For many years, the plasmodesmogram, which is a two-dimentional diagram of PD frequencies, was used to describe the integrative action of tissues and organs basing on the assumption that the greater the frequency of PDs, the greater the potential for symplasmic communication is59. However, the recent findings that PDs are channels with different functional diameters, a correlation between PDs frequencies and the rate of intercellular communication is disputable59. Nevertheless, we made an attempt to determine PDs frequencies between rhizodermal cells in the anticlinal walls in AuNPs-treated (50 µg/ml) and control roots. In the case of the control roots, the number and frequencies of PD in anticlinal walls between hair cell/hair cell, non-hair cell/non-hair cell and hair cell/non-hair cell were calculated (Fig. S4). Such estimations have shown the differences in PD frequencies between control and treated roots.

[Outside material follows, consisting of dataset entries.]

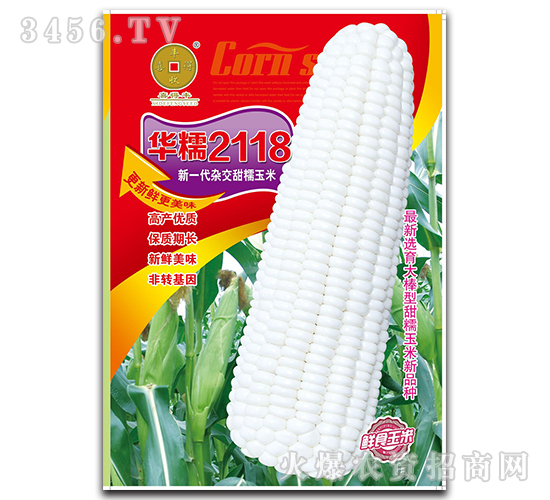 華糯2118-玉米雜交種子-華為種業(yè)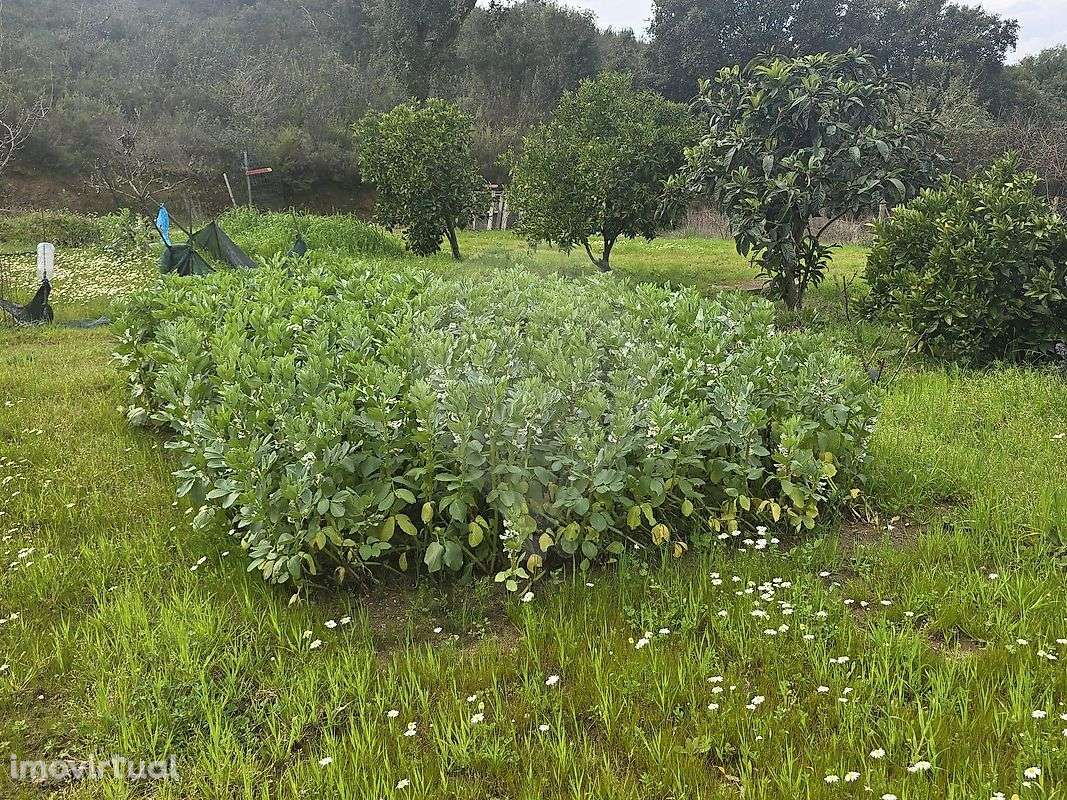 Terreno  para venda - Grande imagem: 4/12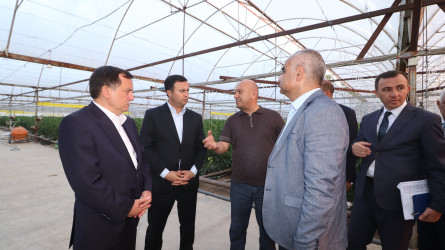 Qazaxda 2026-2030-cu illər üçün Dövlət Proqramının icrası ilə bağlı rayonun kəndlərində aqroparka və iri fermer təsərrüfatlarına baxış keçirilib 15.09.2026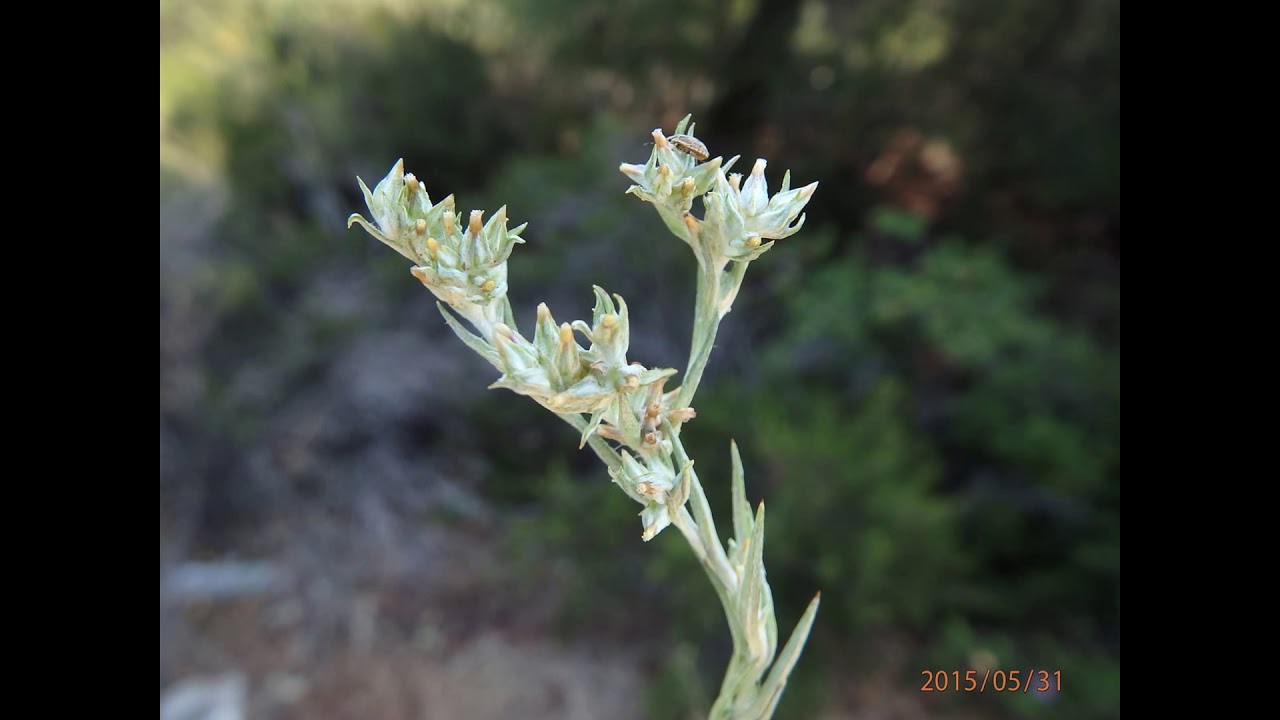 Logfia gallica, (syn: Filago gallica) narrowleaf cottonrose and daggerleaf cottonrose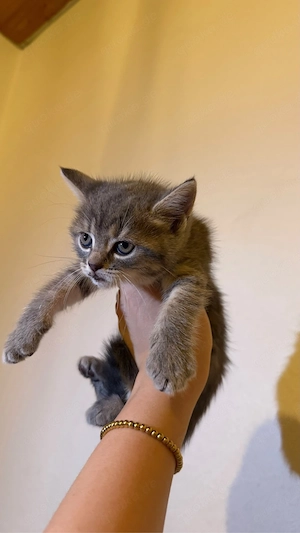4 kleine Babykatzen suchen ein liebvolles Zuhause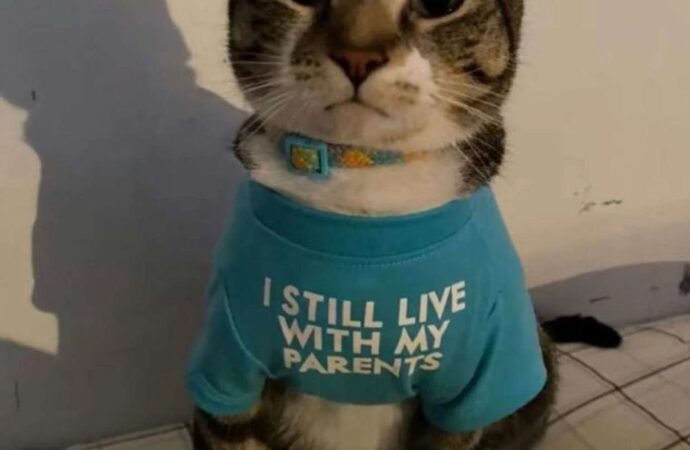 book order court of thorns and roses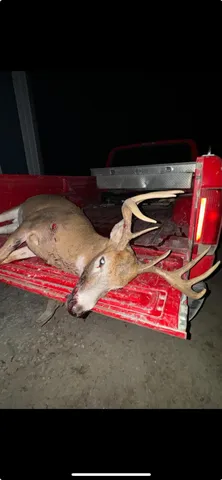 $799,900 | 11-tbd 630th Street, Claremont, MN 55924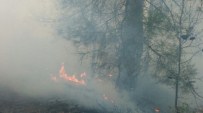 Osmaneli'de Orman Yangını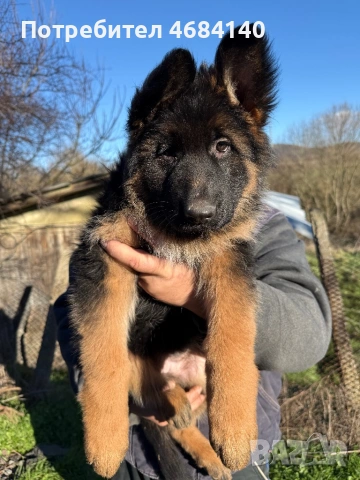 Немска овчарка с дълъг косъм с родословие 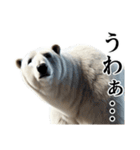 【あいづち】ダークマ（個別スタンプ：37）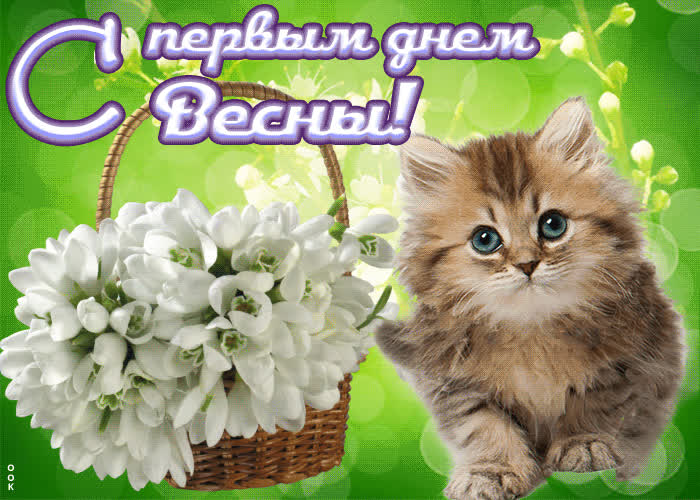 Картинка картинка с 1 марта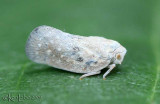 Flatid Planthopper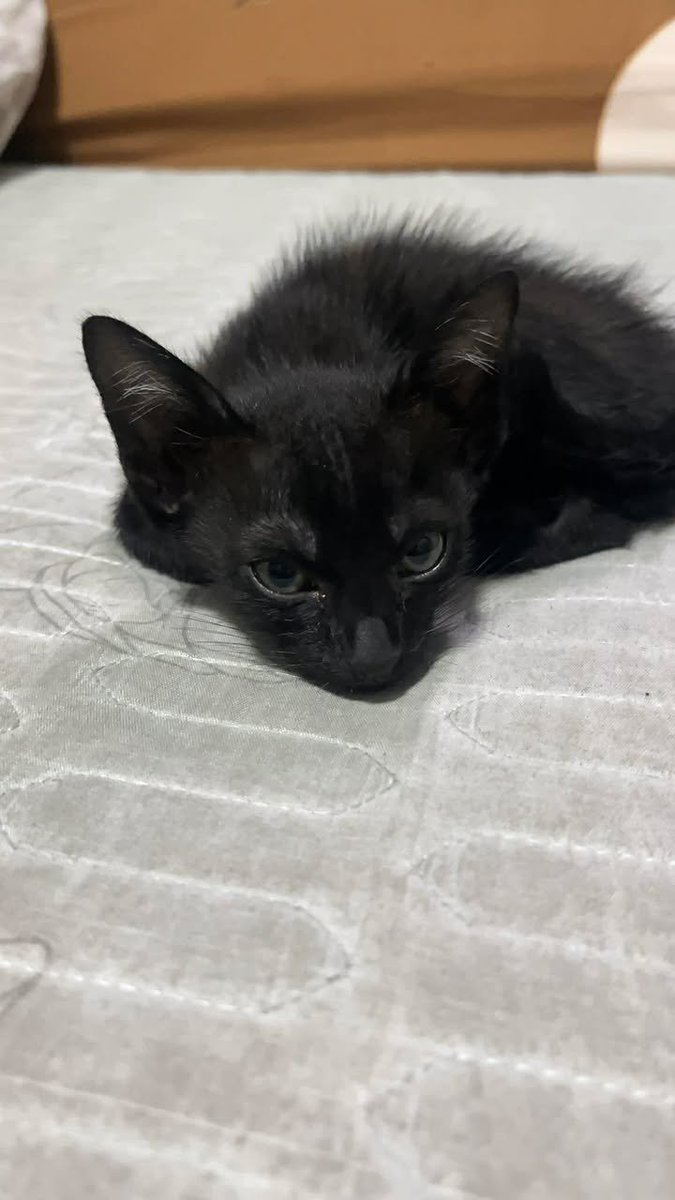 Catster & Co บ้านพักพิงแมวจร tweet media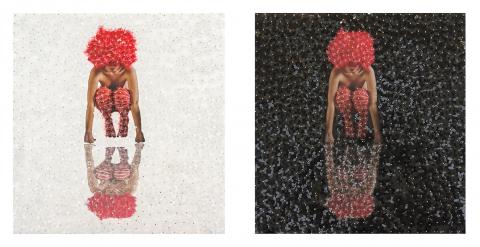 Mabel Poblet,´Deconstruida´, 2019, 50 x 50 cm cu, fotografía sobre pvc, flores cortadas en acetato díptico.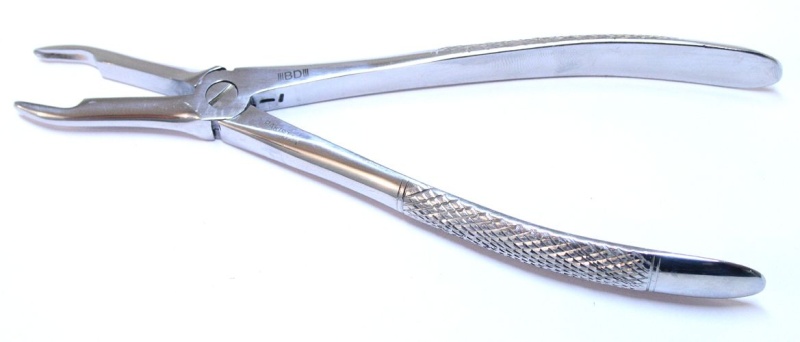 1Pc Dental Instrument 44 Extracting Forceps Stainless Steel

In general the PD diameter is between 25–40 nm, but PD diameter of 50 nm and even 80 nm have also been reported60,61,62. Our analysis showed that the PD diameter for the control roots is within the limits given by the literature. However, the PD diameter in the treated roots is much larger. Such widening of PD diameter was described in cases of plant reaction to diverse external factors63,64,65. In the mentioned above cases PD widening is connected with an increase in symplasmic connectivity35. Therefore, it is reasonable to suppose that widening of PD is a plant response to harmful agent which is AuNPs and may cause PDs more permeable.
Root epidermis patterning
The root epidermis consists of two type of cells, hair cells (developed from trichoblasts) and non-hair cells (developed from atrichoblasts). These two types of cells are arranged within the rhizodermis in a species-dependent pattern66. In vascular plants, three types of hair and non-hair cells distribution are recognized67: in type 1, the hair cells are randomly distributed, while in type 2, an asymmetric cell division is responsible for hair and non-hair cell differentiation/distribution and in type 3, in Arabidopsis, which is the best described and analysed, it is dependent on a cell position68. In grasses, two types of rhizodermal patterning have been documented7,11,69. Within the rhizodermis, every cell is capable of differentiation into root hair cells, or in the case of an unequal division, only the shorter cells emerge as root hair cells. For barley, it was shown that a second pattern operates7,69. In our studies, we used the same cultivar of Hordeum vulgare L. as Marzec et al.7 and we also detected cells with different lengths in the control roots in which the shorter ones differentiated into root hairs, thus confirming the previous results. The mean cell lengths of the tricho- and atrichoblasts that we observed are similar to those previously stated7. It is noteworthy that in the case of the rhl1.b hairless mutant7, the length of the rhizodermal cells is greater than in the case of the roots that had been treated with AuNPs. However, in this case, shorter rhizodermal cells are characterised by a hairless phenotype. A decrease in the length of the root epidermal cells was described for maize roots that was growing under the salt stress70 and in Arabidopsis71, which may suggests that harmful factors, independent of their character, affect the cell differentiation of roots. The differences in the root cell sizes (both in diameter and length) and the root histology (among others increased number of metaxylem elements and atypical divisions of rhizodermal and cortex cells) between control and treated with the highest AuNPs concentration that were detected in presented studies indicate that the NPs that had been used also affected these parameters.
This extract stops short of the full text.